Don was a very good artist. If you can locate any of his 1950s work--lots in the Atlas western, war and, I assume, other genre titles--you won't believe how good it was. Of course, I *loved* his 1960s Iron Man and Avengers work: after Daredevil (maybe nowhere near the top of the iconic importance scale, but by far the best creatively realized early Marvel Age origin/#1) my favorite Marvel origin story is Iron Man's by Heck.
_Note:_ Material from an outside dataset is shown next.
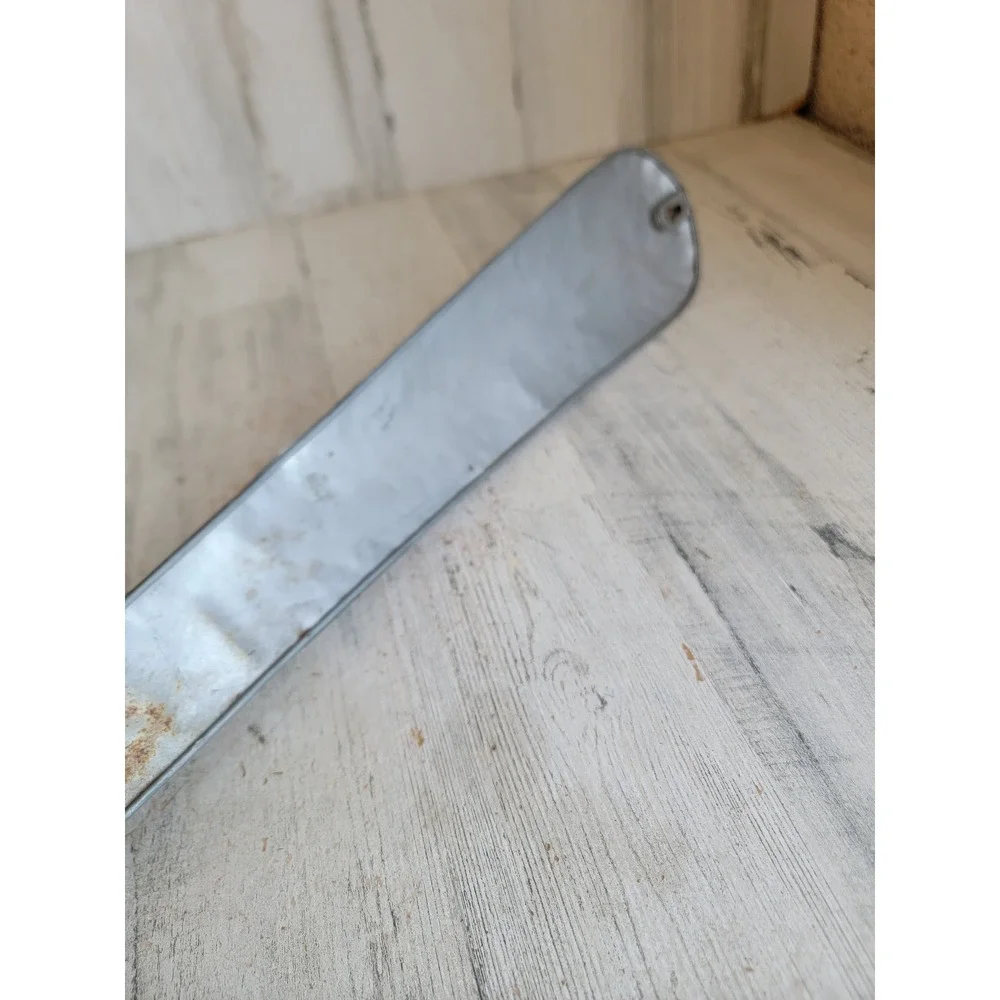 Large primitive metal spoon display unique farm house home decor figure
Don was an intuitive, natural storyteller and he sounded exactly the way I always thought Ben Grimm would've before he became the thing...and, like Grimm, had the bluster and dat Noo Yawk ac'ent, hey, whaddaYOUSElookingnat?!?, but was a sweetheart of a guy.

He once cursed me out--in a good-natured, over the top way--using every 4-letters-and-abovewords after picking up a Weird War story script that I'd written: the half-page splash called for Alexander the Great at the head of his army as it crosses the Alps, elephants and all... 'You *** writers sittin' on yer fat **** asses and it takes ya 10 seconds t'type 'Alexander the Great at the head of his ***** army as it crosses the ***** Alps, ***** elephants and all,' and then us *** artists gotta figure out how to ***** draw it, ya ****!'

And all I could do was stand there, laughing hysterically and when I told him how cool it'd been to have been cursed out by one of my favorite artists, he blushed and started stammering. (In the end, he solved the Alexander splash panel problem the same way he always did, simply, eloquently, and just right to get the job done.)"

So, with a Dick Giordano cover, Paul Kupperberg script, and Don Heck pencils, Aquaman was pretty well served in this comic. Thanks again, Paul!

One last thing--you can see there's an ad for a Super Heroes Collector Album on the back cover. Anybody ever had one of those? It's a good bet Aquaman's on there somewhere! I'd be willing to mail my $1.50 to Northbrook, Illinois tomorrow, but something tells me the offer isn't valid anymore.


Anonymous said...

The main reasons I love this site is because you show me stuff I never knew existed, then turn around and remind me of stuff I had as a kid or STILL have! You always manage to make me smile. And YES, I did order one of those Collector Albums. It was a thicker paper (like comic book backboards type) fold-out sheet that could store the ten or so mini-comics available. The art on the front and back was by Rich Buckler and Dick Giordano (best guess). Aquaman, was, in fact, on it, along with the JLAers and Supergirl (who was not in any of the comics, surprisingly).
I'll see if I can find it, although thinking about it now, I'm not sure where it could be...!

Anonymous said...

Cool update! Paul Kupperberg is a vastly underrated comic creator himself. Seems like an all-around nice guy to boot!

I have the JLA mini-comic like this. Aquaman is in it, of course!


Anonymous said...

Why, thank you, Chris. I've always thought I was kind'a underrated, too!

Seriously, the kind words are appreciated.


Anonymous said...


Again, good stuff!

And yup, Heck was one of those solid Journyman artists who never got the big name.

Like Russell, I had the Album, with the complete set of lil' books.

(Sorry, guys - sold it not long after I hit NYC! Along with some 12'' foreign Joes, & Mego Alter Egos, &...)


Anonymous said...

Heck art was always made better by Vinnie the Great's inks. You always give Colletta a hard time-why is that? I know that it used to be all trendy to knock him (just like it was the in-thing to knock Jack Kirby at one time) but that is so over, you know? Really, what's up with the Vin-hate?

rob! said...


well, i don't think i'm being trendy or whatnot saying i'm not a fan of Mr. Colletta's inks. i just don't like them, and as a kid i would groan if i saw his name on the credits.

that said, i have learned to not be such an a-hole when critiquing someone's work, since most people are just trying to do their best work in the time they have.

to that end, i've gone and deleted any snide comments i've made about Mr. Colletta's, or anyone else's, work.

criticism is fine, by my standards--cheap shots are not, and i'm kinda ashamed to see some of the stuff i've written. thankfully, blogs allows me to repair some of the damage.

thanks for bringing this to my attention.